Task instructions => In your copy, each line below is repeated exactly and no image appears.

Captioned web images
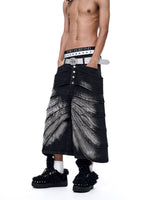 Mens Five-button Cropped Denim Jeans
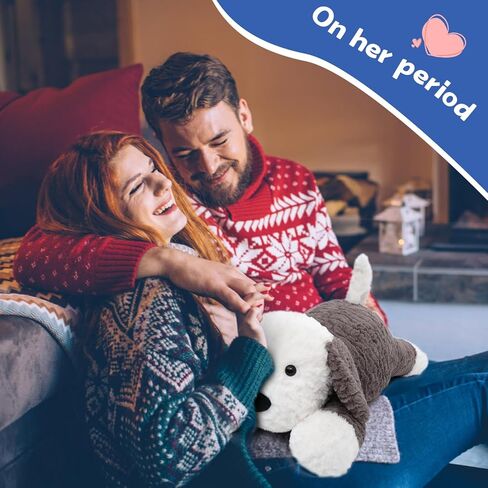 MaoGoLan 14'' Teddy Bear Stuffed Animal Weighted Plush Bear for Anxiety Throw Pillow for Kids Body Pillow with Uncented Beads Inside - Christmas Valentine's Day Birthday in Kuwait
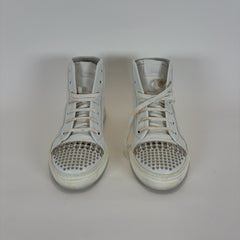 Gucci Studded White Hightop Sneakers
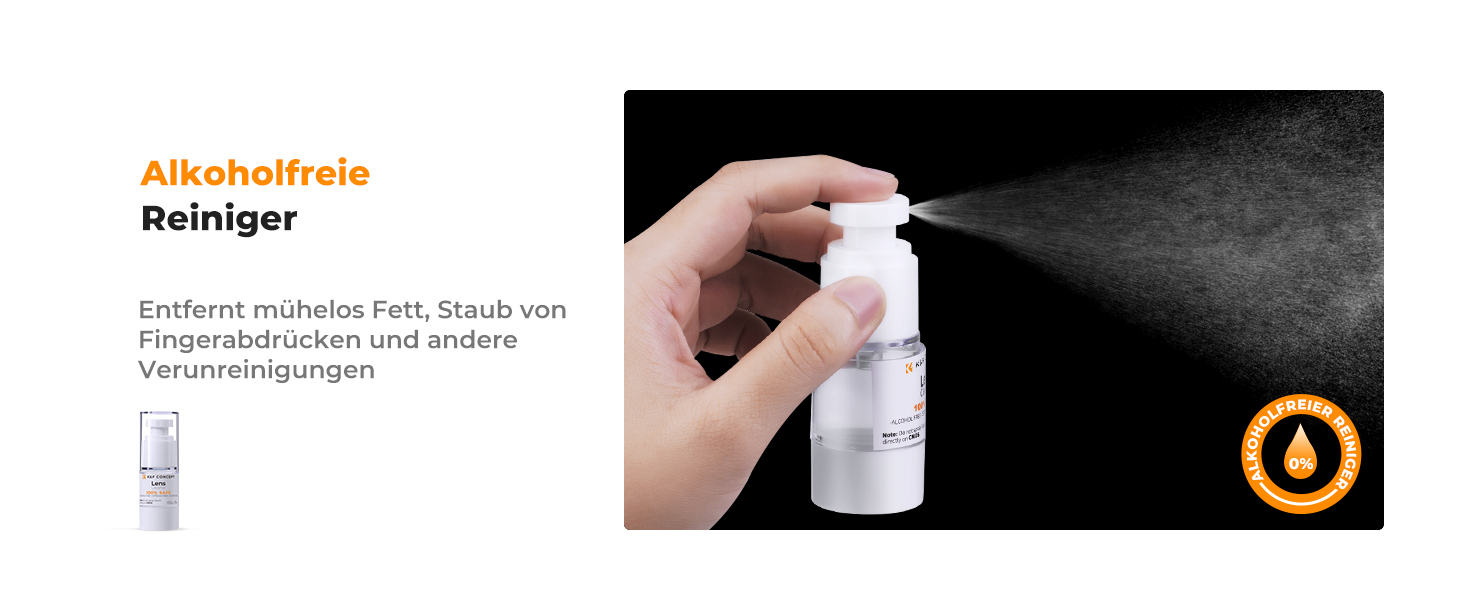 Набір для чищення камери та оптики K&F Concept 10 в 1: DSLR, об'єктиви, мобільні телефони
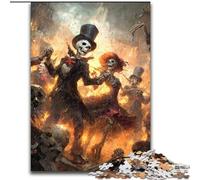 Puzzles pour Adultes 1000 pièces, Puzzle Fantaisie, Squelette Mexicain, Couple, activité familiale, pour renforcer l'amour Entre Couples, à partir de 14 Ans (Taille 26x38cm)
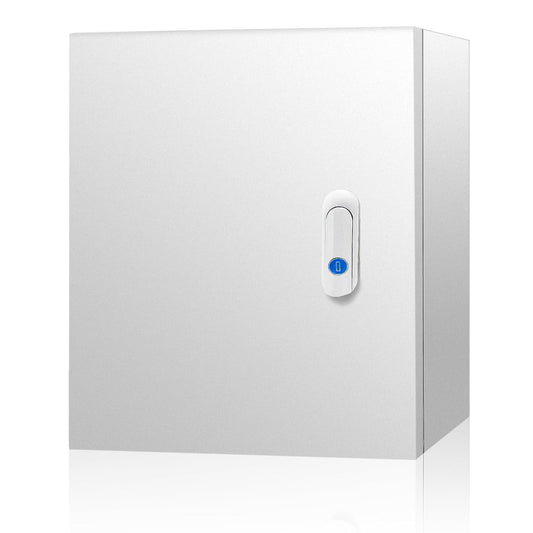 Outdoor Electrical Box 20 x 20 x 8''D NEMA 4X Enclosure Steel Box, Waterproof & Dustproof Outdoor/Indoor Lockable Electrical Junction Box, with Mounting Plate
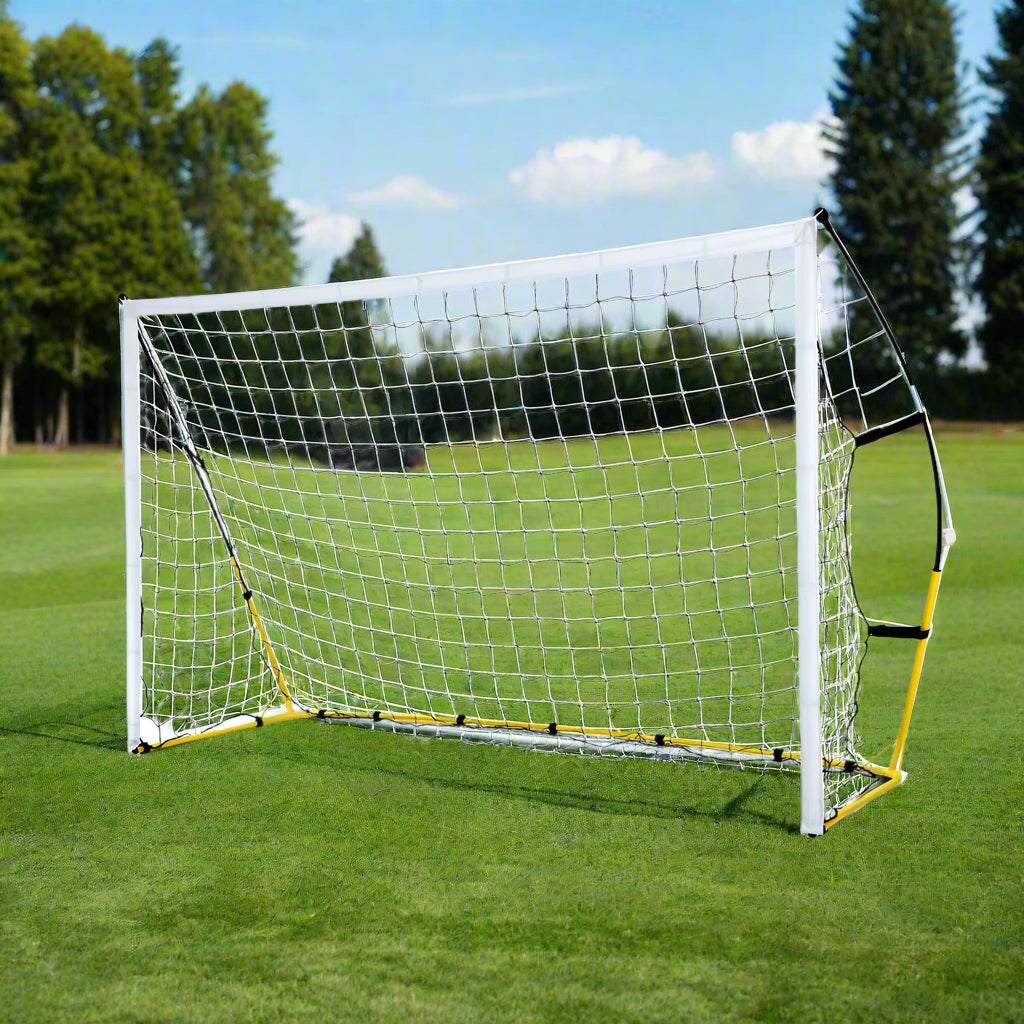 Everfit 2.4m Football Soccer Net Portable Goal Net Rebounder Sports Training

Response for this exercise =>
 Mens Five-button Cropped Denim Jeans
 MaoGoLan 14'' Teddy Bear Stuffed Animal Weighted Plush Bear for Anxiety Throw Pillow for Kids Body Pillow with Uncented Beads Inside - Christmas Valentine's Day Birthday in Kuwait
 Gucci Studded White Hightop Sneakers
 Набір для чищення камери та оптики K&F Concept 10 в 1: DSLR, об'єктиви, мобільні телефони
 Puzzles pour Adultes 1000 pièces, Puzzle Fantaisie, Squelette Mexicain, Couple, activité familiale, pour renforcer l'amour Entre Couples, à partir de 14 Ans (Taille 26x38cm)
 Outdoor Electrical Box 20 x 20 x 8''D NEMA 4X Enclosure Steel Box, Waterproof & Dustproof Outdoor/Indoor Lockable Electrical Junction Box, with Mounting Plate
 Everfit 2.4m Football Soccer Net Portable Goal Net Rebounder Sports Training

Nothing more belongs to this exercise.